Restate word for word the lines of the entries below, starting with the line that holds "青岛版数学二年级上 第三单元 1 角的初步认识 课件第5页" and ending with the line that holds "Bitcoin s'effondre à", and no others.

# Provided material
'''

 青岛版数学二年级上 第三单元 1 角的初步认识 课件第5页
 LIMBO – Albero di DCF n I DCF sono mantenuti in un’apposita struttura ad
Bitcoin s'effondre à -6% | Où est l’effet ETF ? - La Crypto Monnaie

'''
'''

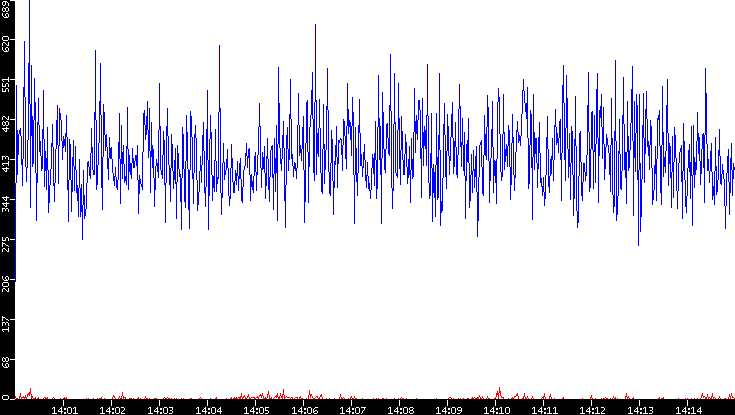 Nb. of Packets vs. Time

'''

# Answer section
 青岛版数学二年级上 第三单元 1 角的初步认识 课件第5页
 LIMBO – Albero di DCF n I DCF sono mantenuti in un’apposita struttura ad
Bitcoin s'effondre à -6% | Où est l’effet ETF ? - La Crypto Monnaie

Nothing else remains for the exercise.